In 2001, researchers Leonie Welberg and Jonathan Seckl published the literature review “Prenatal Stress, Glucocorticoids, and the Programming of the Brain,” in which they report on the effects of prenatal stress on the development of the fetal brain. The fetus experiences prenatal stress while in the womb, or in utero. In discussing the effects of prenatal stress, the authors describe prenatal programming, which is when early environmental experiences permanently alter biological structure and function throughout life. Throughout “Prenatal Stress, Glucocorticoids and the Programming of the Brain,” Welberg and Seckl provide a number of potential biological explanations, derived from both animal and human studies, to explain the underlying mechanisms involved in programming, which helped establish how in utero stress can affect fetal brain development.
Fetal programming, or prenatal programming, is a concept that suggests certain events occurring during critical points of pregnancy may cause permanent effects on the fetus and the infant long after birth. The concept of fetal programming stemmed from the fetal origins hypothesis, also known as Barker’s hypothesis, that David Barker proposed in 1995 at the University of Southampton in Southampton, England.
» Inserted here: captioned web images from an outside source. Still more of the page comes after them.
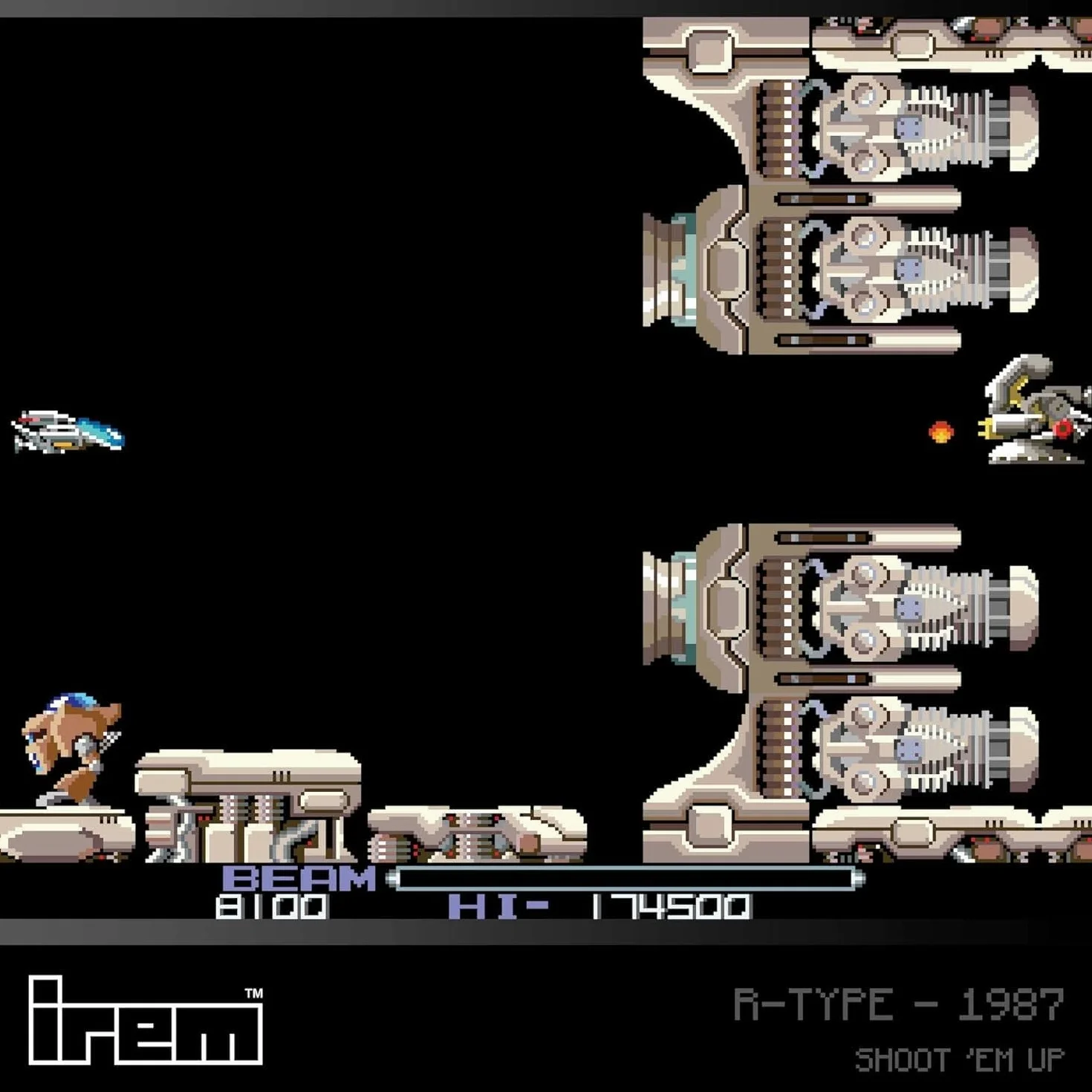 Blaze Cartucho Evercade IREM Arcade 1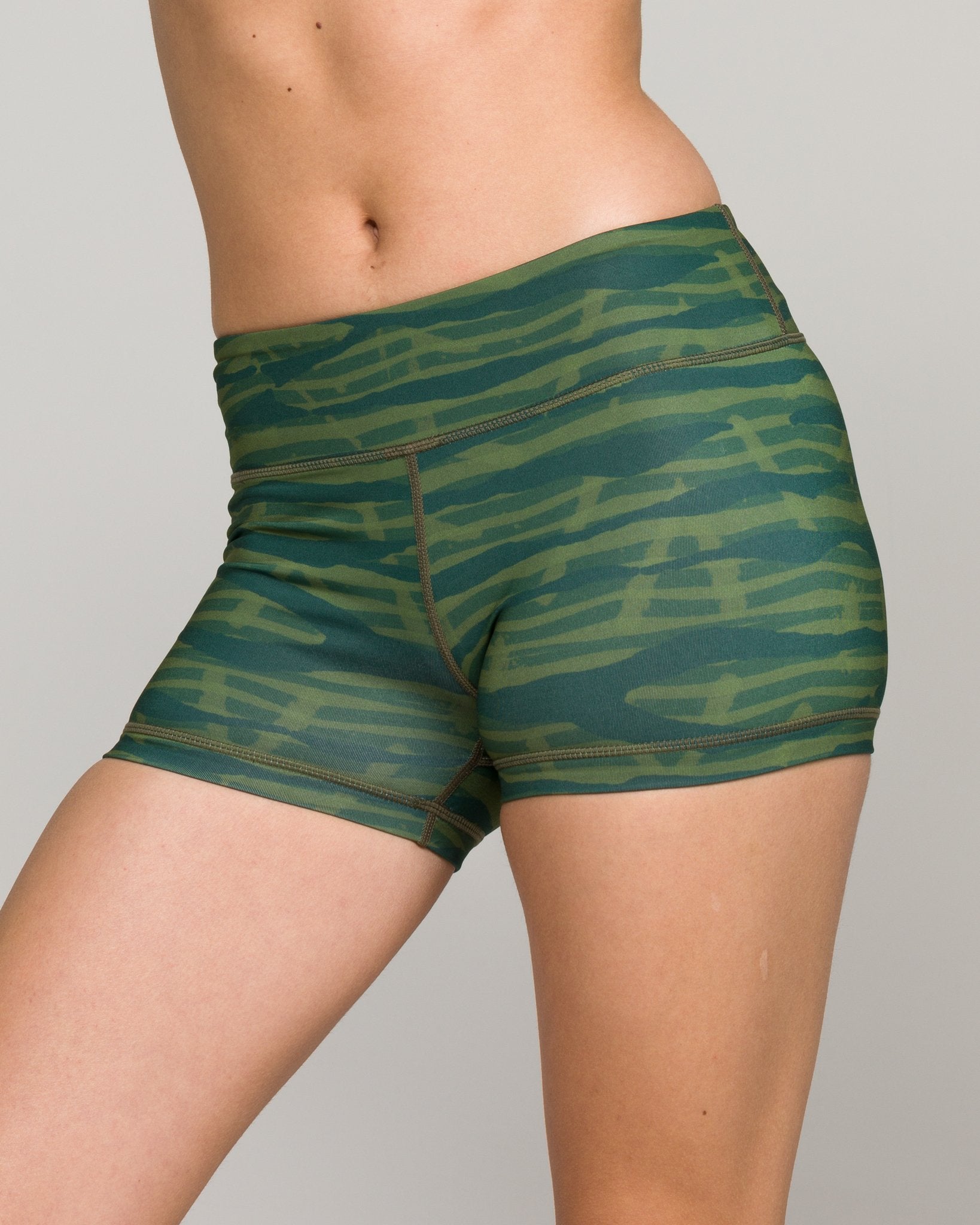 IAB Booty Shorts 2.0 – I A B | M F G.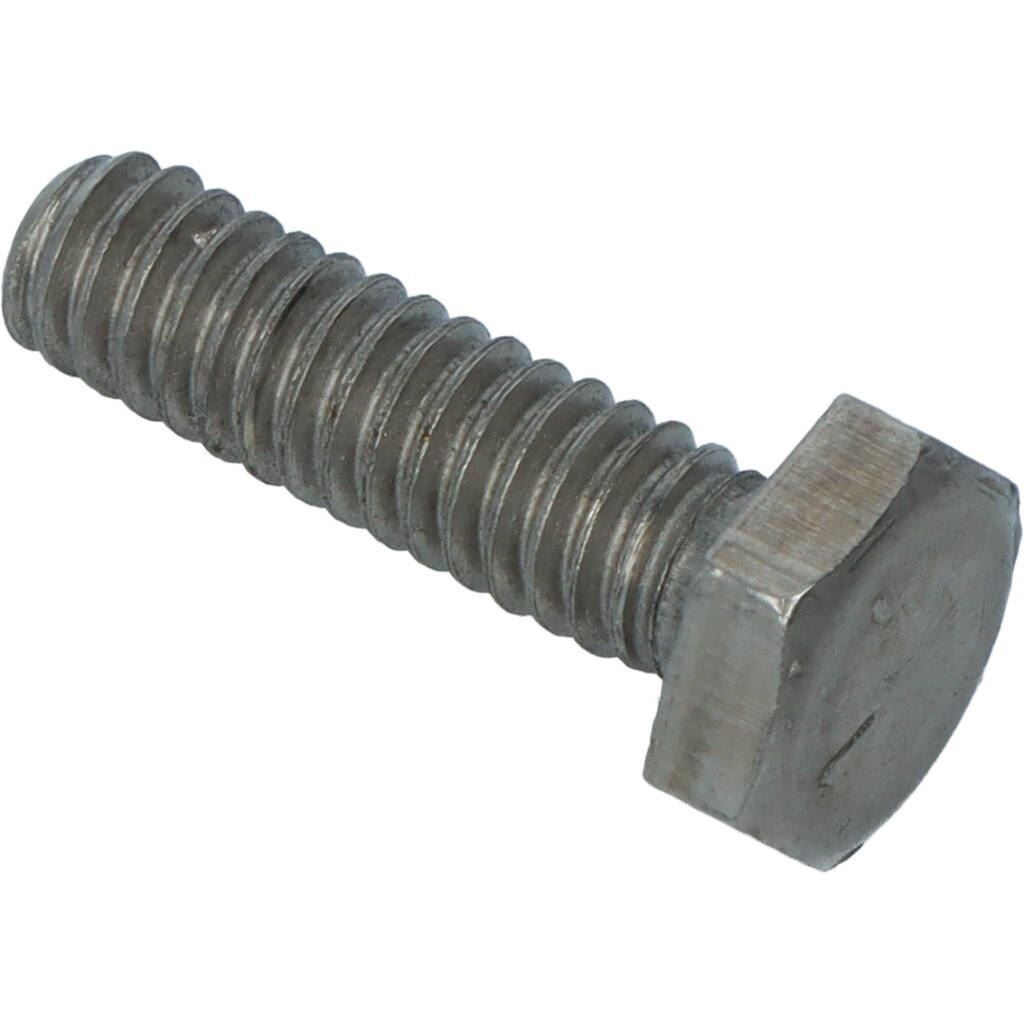 Bolt 1/4-20 x .875 HEX SS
The fetal origins hypothesis states that undernutrition in the womb during middle to late pregnancy causes improper fetal growth, which in turn, causes a predisposition to certain diseases in adulthood. In addition to nutritional impacts, researchers have studied the fetal programming effects of many factors, such as maternal anxiety or violence during pregnancy. Researchers proposing the concept of fetal programming established a new area of research into the developmental causes of disease, pointing towards the in utero environment and its critical role in healthy human development.